When the queries are compiled neither the table variable nor temporary table are populated and the query optimizer assumes “minimum” number of rows and that is always 1 in SQL Server. This estimation is used when SQL Server generates the “Estimated” query plan. While the “Estimated” and “Actual” query plans are same in most cases, there are some exception. If a table (temporary or permanent) is created in the same batch with the query, SQL Serve has to recompile the query since the query definition is unknown when the batch is compiled the first time. This is not the case for table variables.

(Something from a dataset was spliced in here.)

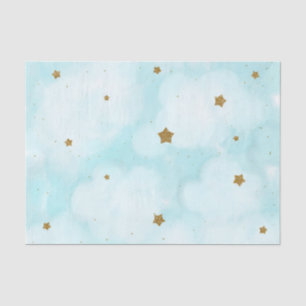 Goldene Sterne und Blaue Himmels-Wolken Baby Showe Seidenpapier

Now turn on “Display Actual Execution Plan” in SSMS and re-run the scripts 1. in one query window and 2. in another one. You will see that the actual plan for script 1 is the same as estimated plan and took substantially longer than the script 2 to complete. The actual execution plan for Script 2 is very different from its estimated plan. The actual execution plan for script 2 uses Hash Match to execute the Anti Semi Join at the top of the plan. There is a table scan of the temporary table #Tmp1 at the top of the plan building the hash table. If you examine the properties of this scan you will find out that the number of Estimated rows is 20000 (was 1 in the Estimated plan as well as it is 1 for the table variable plan).
Figure 1. Estimated plan

Figure 2. Actual plan of SELECT query using temp table
![clip_image001[10]](http://blogs.msdn.com/blogfiles/sqlcat/WindowsLiveWriter/Tablevariablevs.temptabl.actualqueryplan_A74C/clip_image001%5B10%5D_thumb.jpg)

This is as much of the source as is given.